— TASK PROMPT —
Set the data down exactly as it stands, and keep its pictures out.

═══ DATASET RECORDS ═══

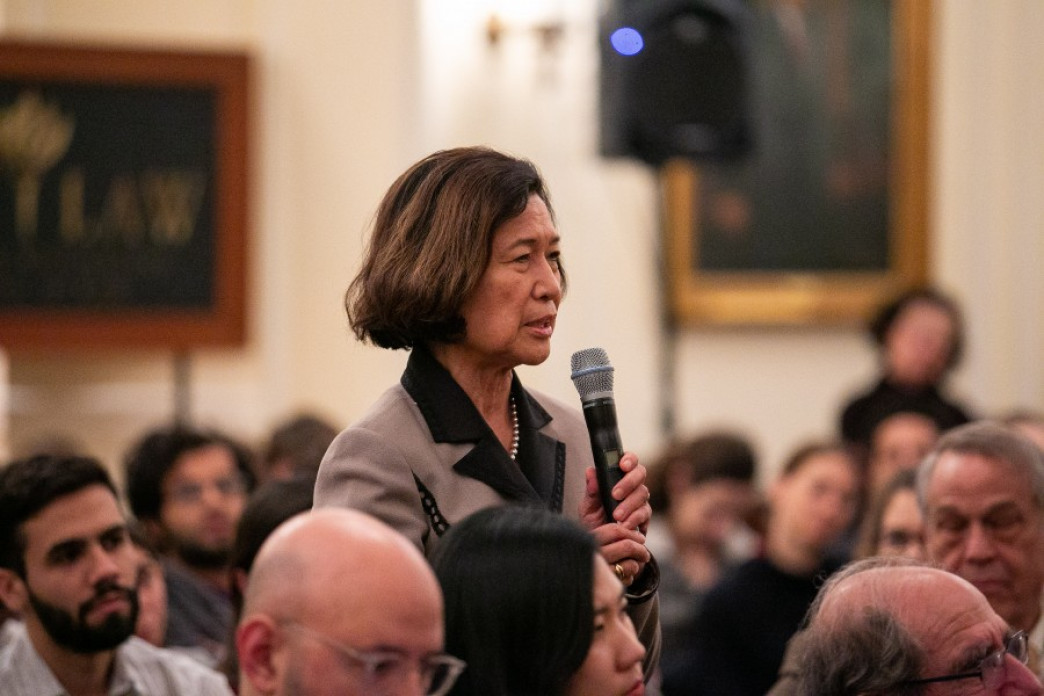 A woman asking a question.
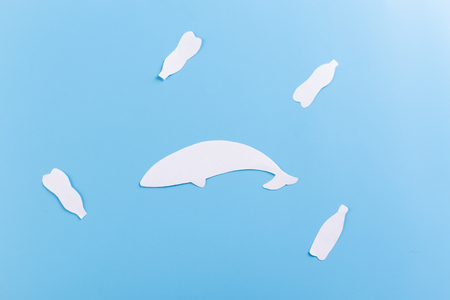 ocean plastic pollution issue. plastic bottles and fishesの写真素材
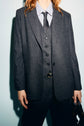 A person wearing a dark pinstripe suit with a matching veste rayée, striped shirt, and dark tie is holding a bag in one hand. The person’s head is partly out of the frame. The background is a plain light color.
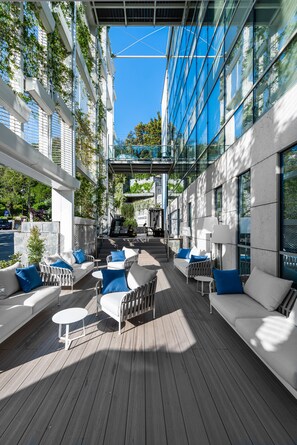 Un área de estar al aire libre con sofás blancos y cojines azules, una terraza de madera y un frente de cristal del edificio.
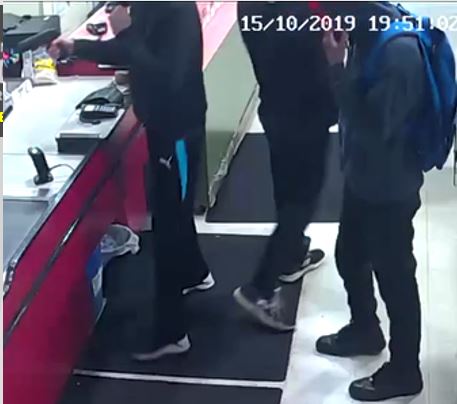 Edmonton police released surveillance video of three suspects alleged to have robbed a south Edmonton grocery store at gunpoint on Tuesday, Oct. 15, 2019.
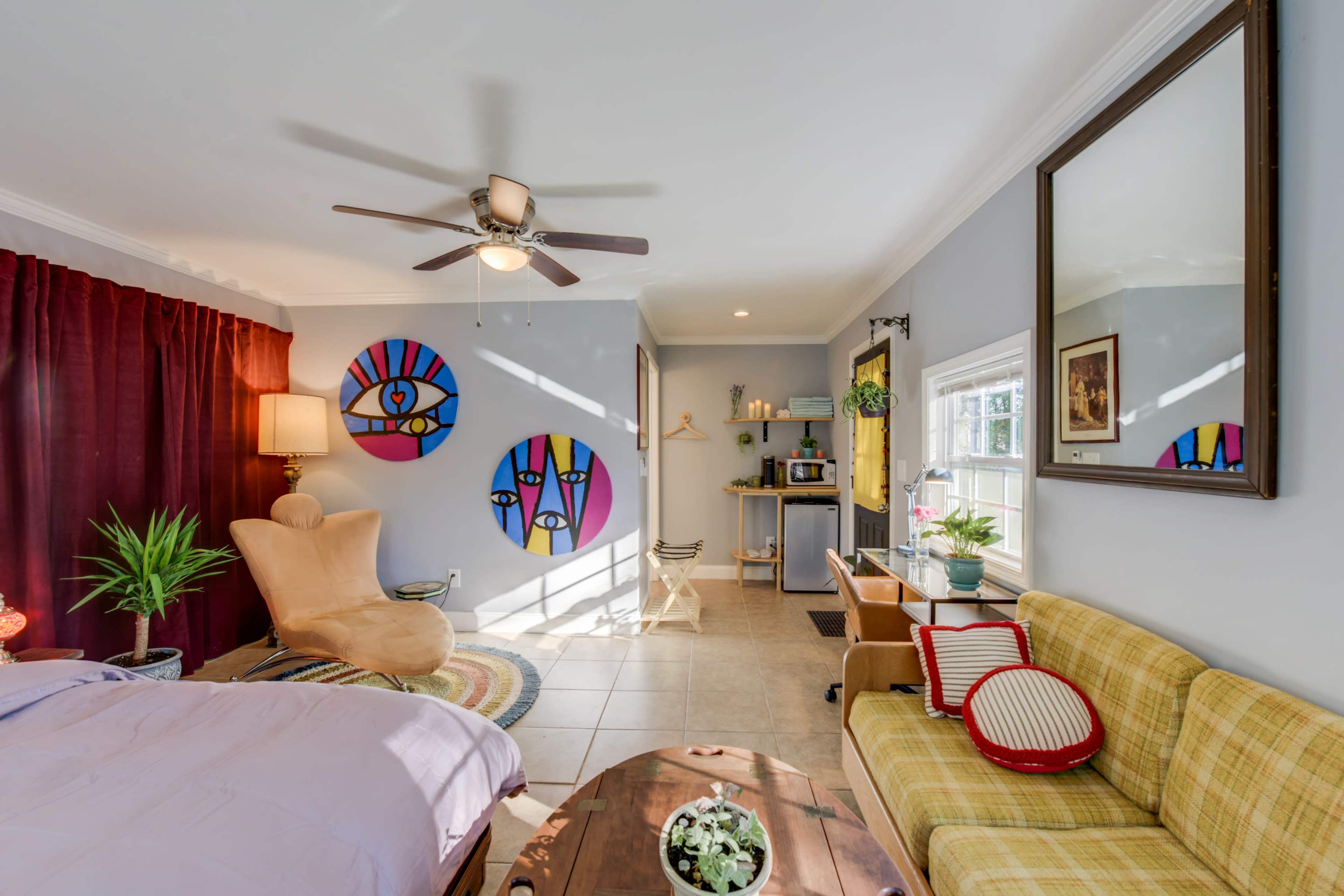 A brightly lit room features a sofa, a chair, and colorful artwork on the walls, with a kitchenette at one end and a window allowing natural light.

═══

— SOLUTION TO THE EXERCISE —
 A woman asking a question.
 ocean plastic pollution issue. plastic bottles and fishesの写真素材
 A person wearing a dark pinstripe suit with a matching veste rayée, striped shirt, and dark tie is holding a bag in one hand. The person’s head is partly out of the frame. The background is a plain light color.
 Un área de estar al aire libre con sofás blancos y cojines azules, una terraza de madera y un frente de cristal del edificio.
 Edmonton police released surveillance video of three suspects alleged to have robbed a south Edmonton grocery store at gunpoint on Tuesday, Oct. 15, 2019.
 A brightly lit room features a sofa, a chair, and colorful artwork on the walls, with a kitchenette at one end and a window allowing natural light.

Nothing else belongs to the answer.